## GIVEN ENTRIES
[Start of section]
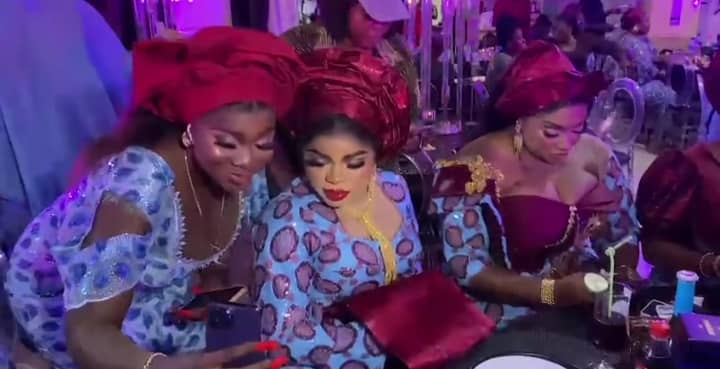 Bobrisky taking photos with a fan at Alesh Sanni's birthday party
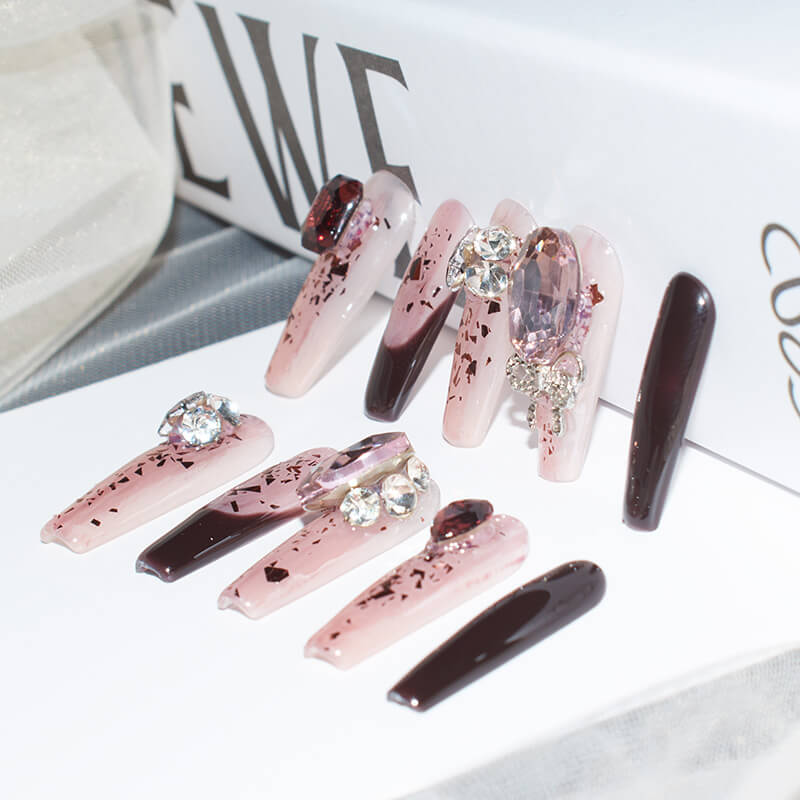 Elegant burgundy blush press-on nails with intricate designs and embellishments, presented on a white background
[End of section]
[Start of section]
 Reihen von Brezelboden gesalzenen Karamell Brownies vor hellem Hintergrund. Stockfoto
[End of section]
[Start of section]
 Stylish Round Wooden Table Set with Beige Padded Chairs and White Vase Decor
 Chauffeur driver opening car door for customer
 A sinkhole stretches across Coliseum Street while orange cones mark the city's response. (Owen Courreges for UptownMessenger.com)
[End of section]
## BRIEF
Return only the part above that opens with the line containing "Bobrisky taking photos" and closes with the line containing "Elegant burgundy blush", exactly and with both ends, skipping the pictures.

## TASK ANSWER
 Bobrisky taking photos with a fan at Alesh Sanni's birthday party
 Elegant burgundy blush press-on nails with intricate designs and embellishments, presented on a white background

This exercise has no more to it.